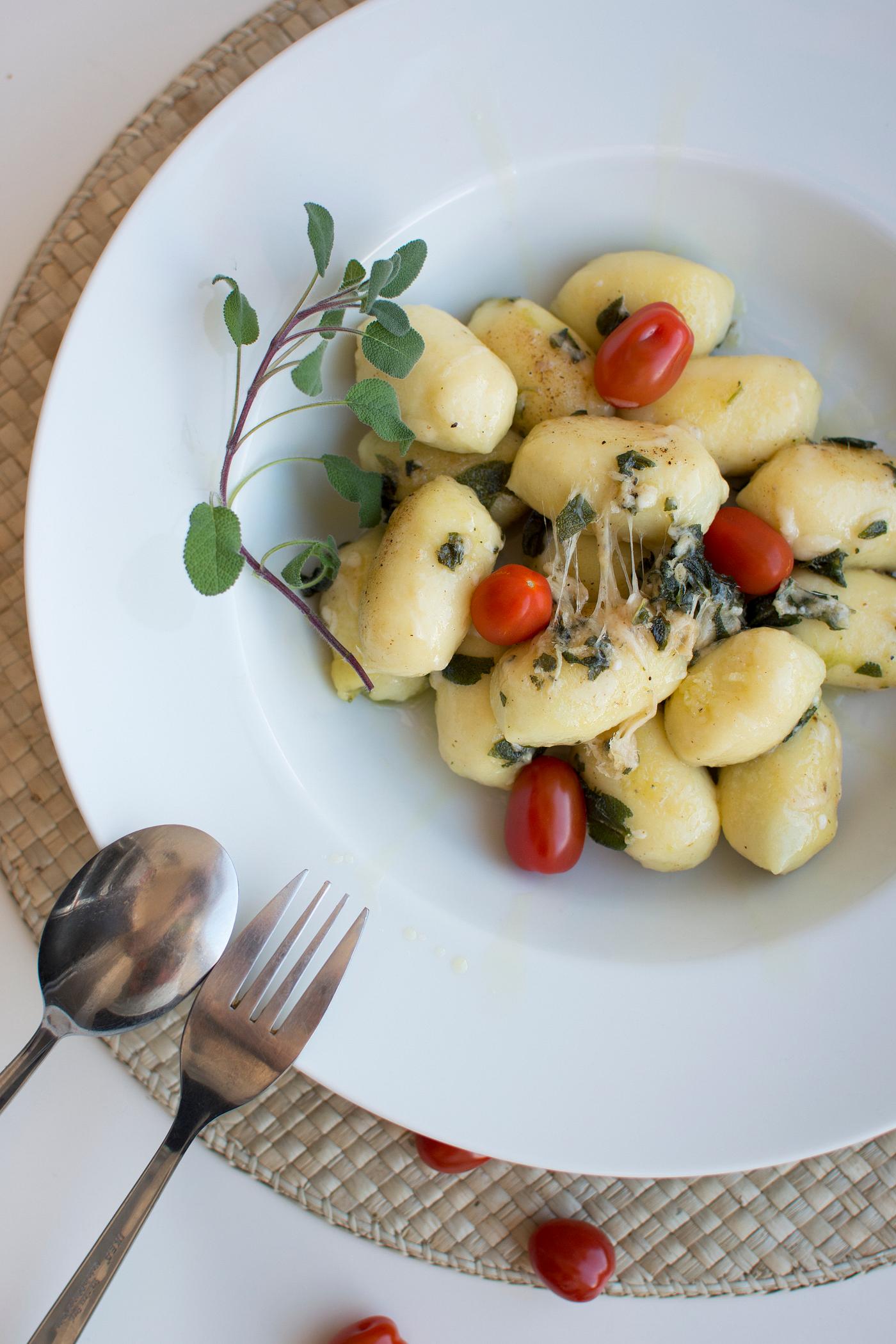 Gnocchi with sage and tomatoes food photography Gnocchi with sage and tomatoes food photography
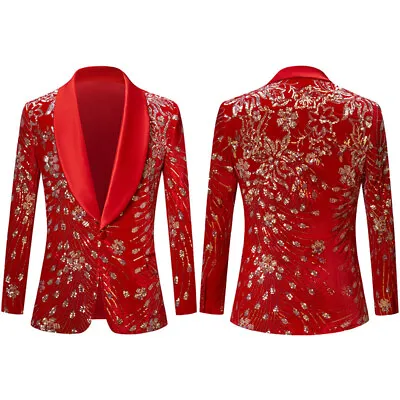 Men Sequin Dress Suit Blazer Floral Tuxedo One Button Showman Coat Jacket Red • $66.47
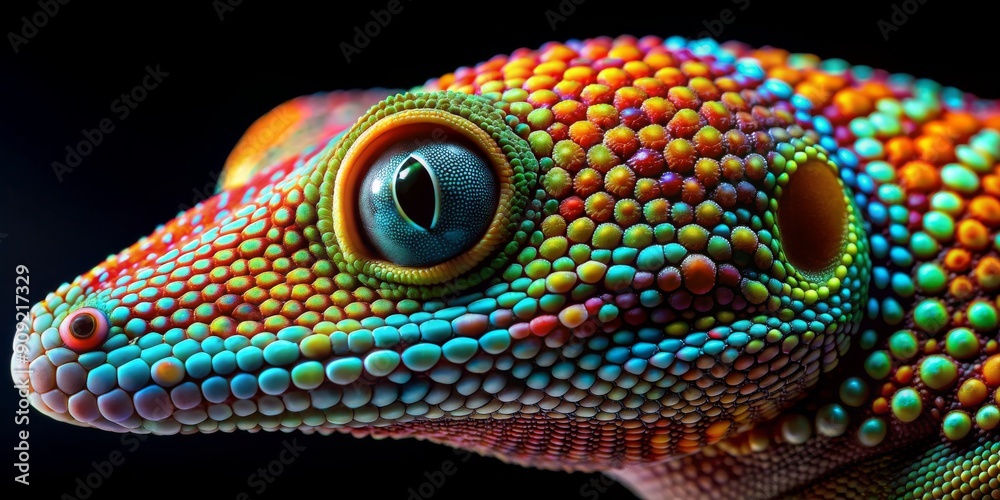 Obraz premium Close-Up of a Multicolored Gecko Eye, Macro Photography of a Reptile's Eye, Vibrant Reptile Skin Texture, Gecko Eye Macro Photography, reptile, gecko, macro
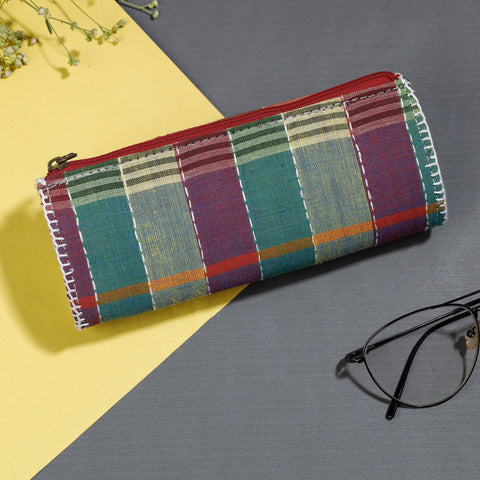Multicolor Gamcha Fabric Hand Embroidered Spectacle Case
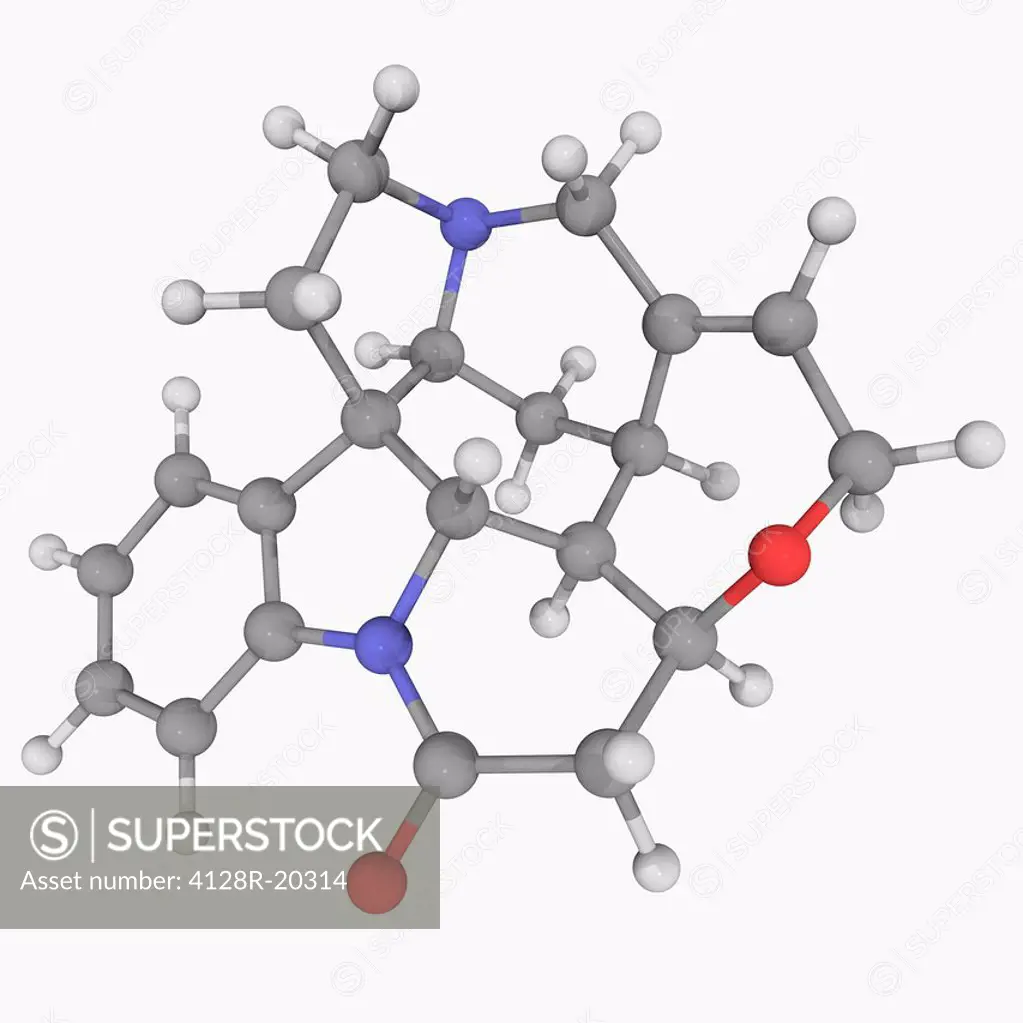 Strychnine, molecular model. Highly toxic colourless crystalline alkaloid used as a pesticide, particularly for killing rodents. Atoms are represented...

▸ **Activity**
Extract the text of all the records above verbatim, excluding pictures.

▸ **Response to the exercise**
 Gnocchi with sage and tomatoes food photography Gnocchi with sage and tomatoes food photography
 Men Sequin Dress Suit Blazer Floral Tuxedo One Button Showman Coat Jacket Red • $66.47
 Obraz premium Close-Up of a Multicolored Gecko Eye, Macro Photography of a Reptile's Eye, Vibrant Reptile Skin Texture, Gecko Eye Macro Photography, reptile, gecko, macro
Multicolor Gamcha Fabric Hand Embroidered Spectacle Case
 Strychnine, molecular model. Highly toxic colourless crystalline alkaloid used as a pesticide, particularly for killing rodents. Atoms are represented...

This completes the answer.